One Shot is part detective story, part thriller, part action tale. There’s a heavy police procedural aspect to the book, as Reacher and a young lawyer investigate a cluster of murders committed by a sniper one afternoon in a mid-sized Indiana town. It’s easy to get too focused on Reacher’s size, especially as Lee Child writes with that physical factor firmly in mind. Part of his utter lack of fear of most adversaries is due to the fact that they’re no physical match for him. But the flipside is a big deal — when someone comes around who does seem dangerous, it is because they might be smarter and more bloodthirsty. And that makes the villains actually a bit imposing.
Going back to my opening, I’ll quote a tweet from the esteemed Jeremy Smith of AICN, who said: “No reason to be unfaithful with those books. They’re ready-made movies. Just require a little streamlining.” That’s it exactly. The movie quality of the Reacher books is no doubt part of their appeal. You can see them play out perfectly as the pages turn. (Which isn’t to say the print versions are unsatisfying.) The notion of changing anything outside of a few nips and tucks and allowing a few minor cosmetic changes to Reacher is alien to these stories.

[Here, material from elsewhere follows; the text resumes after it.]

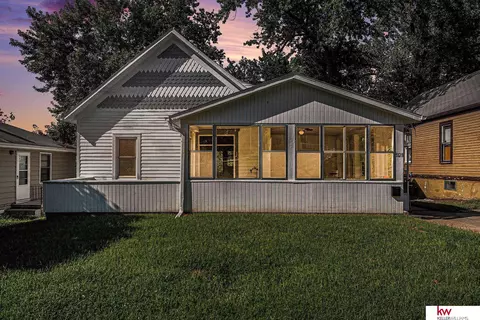 3328 Sprague St, Omaha, NE 68111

But with Tom Cruise as a motivating factor for the project’s development at Paramount, and given his history with Christopher McQuarrie, who helped the first stage of his pseudo-comeback with Valkyrie, this may be inevitable. The question will be when One Shot might shoot: before or after Joseph Kosinski’s Oblivion. The plan is to shoot before Oblivion, with much of the shoot taking place in Pittsburgh, but that could change.